Sinlung /
04 February 2015

A Slice of Royalty

MK Binodini Devi, Somi Roy,
Somi Roy, son of the late novelist MK Binodini Devi. (Source: Deepak Shijagurumayum)


By Esha Roy

It was northeast India’s first entry at the Jaipur Literature Festival. Churachand Maharajgi Imung, (The Maharaja’s Household: A Daughter’s Memories of Her Father) (Zubaan Books) is the story of Maharajkumari Binodini Devi, presented by her son Somi Roy, and uncle of the present King of Manipur Leishemba Sanajaoba.

“The rest of the country has little idea about Manipur, and the Northeast in general. It’s either all the news of violence or an exotic view of the state from the government’s tourism website. By exoticising us, we are seen as ‘the other’. At Jaipur, Manipur has finally claimed a seat at the table,” said Roy, at the launch of the book during the recently concluded festival in Jaipur.

When The Indian Express met him in Manipur, there’s none of the political rhetoric. He sits on the lawns of his mother’s home as white butterflies flit across. In the same garden at the back, is a pond, and two imposing trees flank a shed where performances were once held. “Some of my earliest memories of home was when I was barely four-years-old. Every evening, around 10-15 artistes would come home either to practice a play or sing Rabindra sangeet. Where we are sitting was once the heart of Manipuri culture and Binodini Devi was the Renaissance figure of Manipur,” he says.
MK Binodini Devi, a descendent of the Ningthouja dynasty, passed away in January 2011. A student of painting and sculpture at Shantiniketan’s Kala Bhavan from 1948 to 1950, she was greatly influenced by the works of Rabindranath Tagore. But it is through her writings that Imasi or the Royal Mother, came to be known in Manipur as its first educated woman and author. She went on to win the Sahitya Kala Akademi award in 1976 and the Padma Shri for Literature the same year.
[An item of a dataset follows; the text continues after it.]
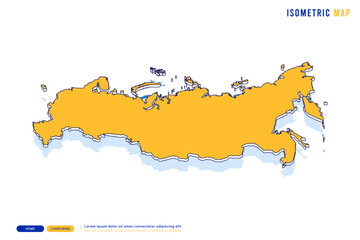 Abstract Yellow map of Russia on white background. Vector modern isometric concept greeting Card illustration eps 10.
“MK Binodini was Manipur’s Jahanara. Like Jahanara, she was a privileged princess. She was educated, she wrote and was published. And like Jahanara she loved her father dearly and stayed with him at his time of isolation till the end,’’ says Roy. This book was her last published work. She was the daughter of Maharaja Churachand Singh (1891-1941) and his queen Maharani Dhanamanjuri Devi. Princess Binodini was the youngest of five daughters from this queen (her father had an elder queen) and her book begins in 1891 when the Maharaja was still a boy and Manipur was Britain’s last acquisition. The book straddles the dual worlds of Manipuri tradition and modernity — of palace events, equestrian sports on one hand, and the building of Manipur and resistance towards the British, on the other.
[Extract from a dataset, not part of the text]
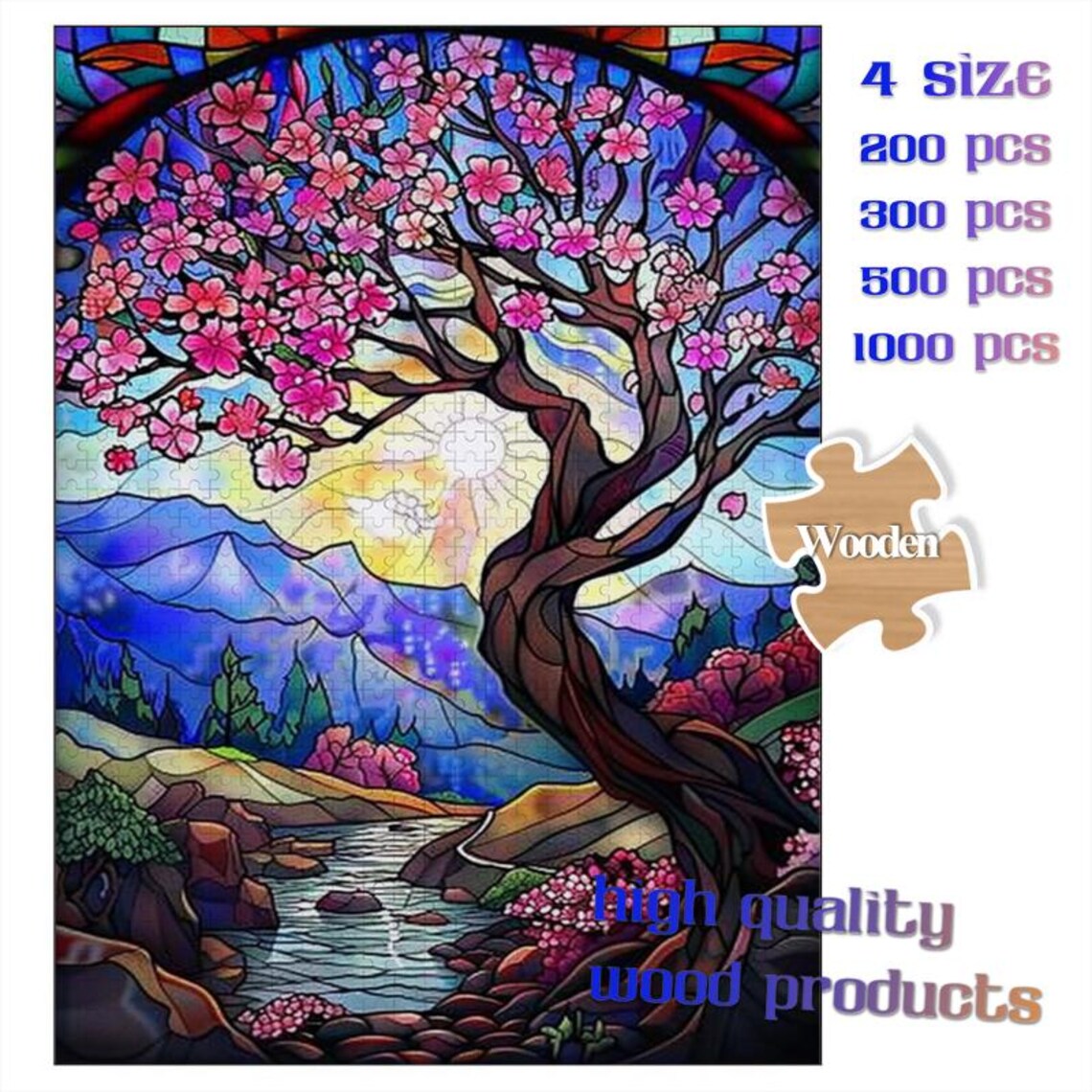 Stained Glass Cherry Blossom Puzzle Art Poster - Image 2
There are stories about the royal staff, the tailors, the ironers, the coal workers, the soldiers’ wives who came, the hangers-on and the wet-nurses. Traditions, unique to Manipur, come alive in the pages. For instance, the bridal procession of a princess, which is headed not by the queen mother but the wet-nurse or the maid. She sits on a phiranji or a patch of red velvet usually reserved for royalty in the kingdom and has her own palanquin and brings the princess bride to her new home.

After Roy’s coaxing in 1992, on a visit to New York, Binodini Devi began writing her stories as a column in a Manipuri newspaper Poknapham. “The book is essentially a compilation of these essays,” says Roy, who has translated the book into English. A film curator in New York, Roy has now started a trust called Imasi, which preserves and promotes his mother’s art and the culture of Manipur.